Start of Block

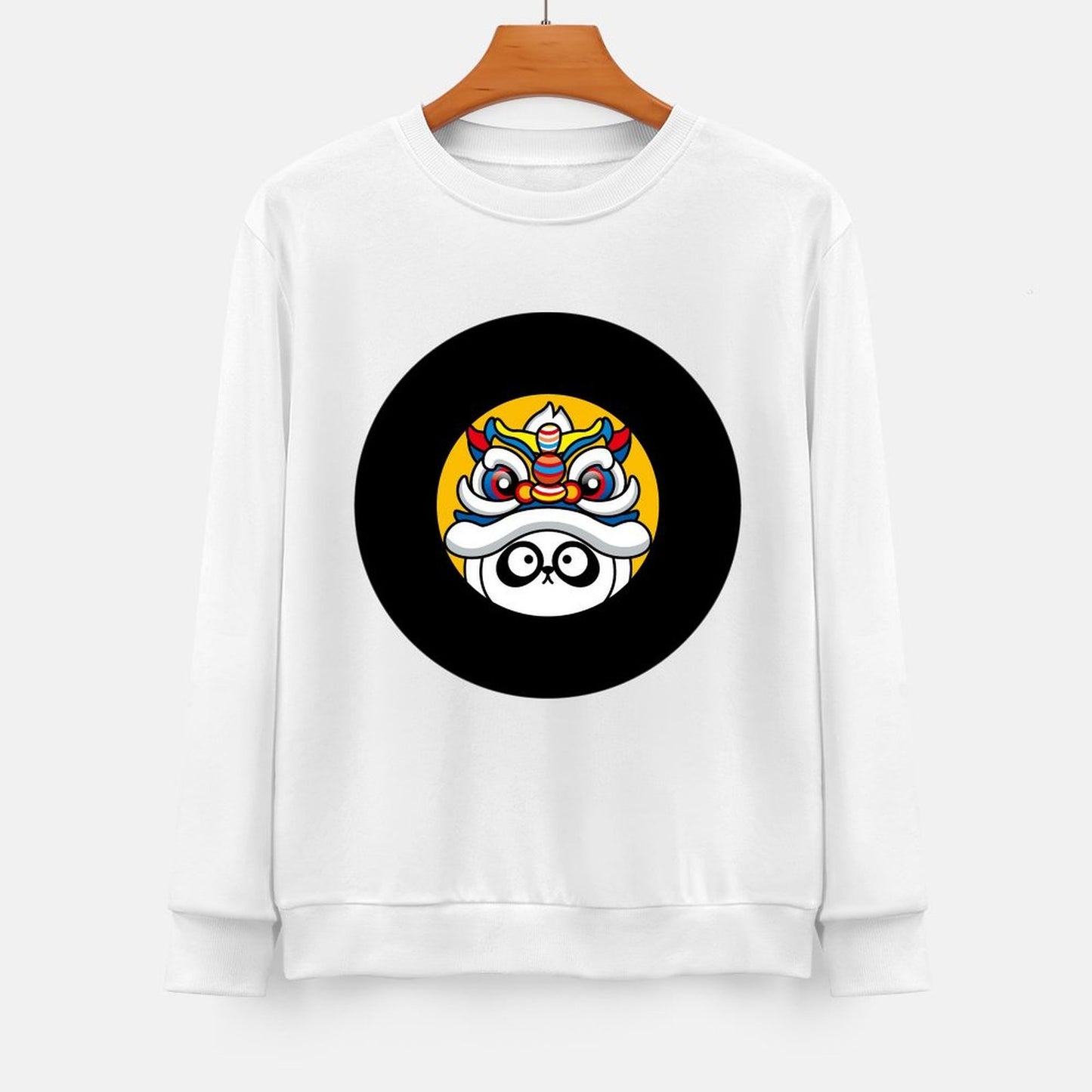 Front Patterned Long Sleeve TopRelaxed ClassicFit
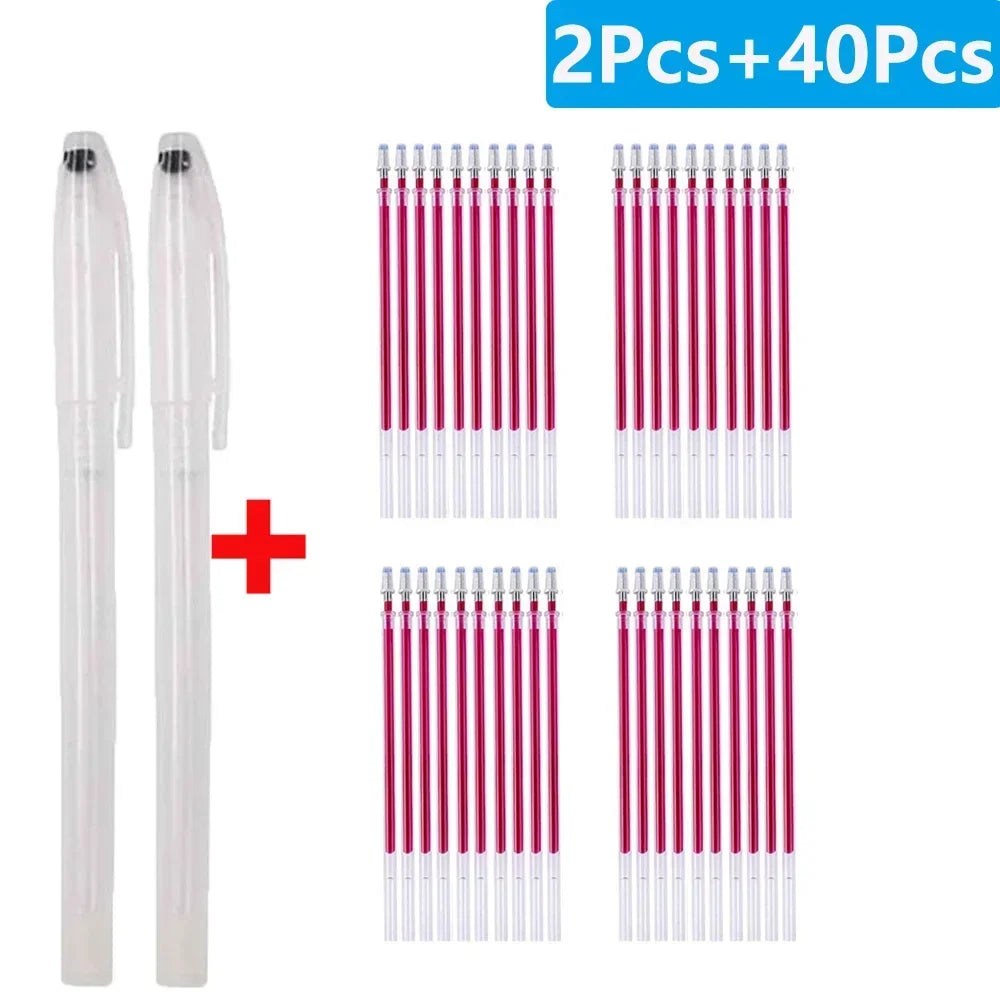 Heat Erasable Magic Marker Pen Set for Fabric Sewing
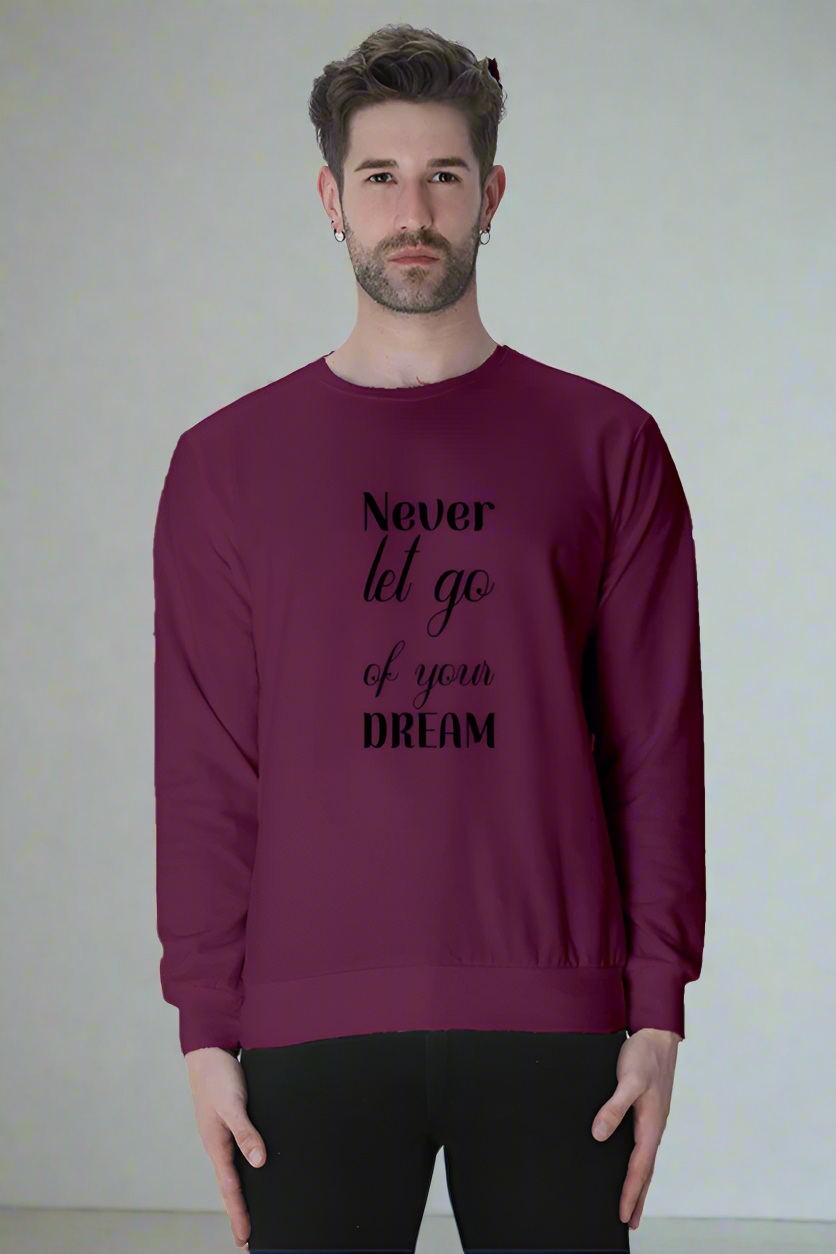 Never let go Unisex Casual Sweatshirt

End of Block

* What needs to be done *
An exact, picture-free copy of the listing above is the goal; write it out now.

* Exercise response *
 Front Patterned Long Sleeve TopRelaxed ClassicFit
 Heat Erasable Magic Marker Pen Set for Fabric Sewing
 Never let go Unisex Casual Sweatshirt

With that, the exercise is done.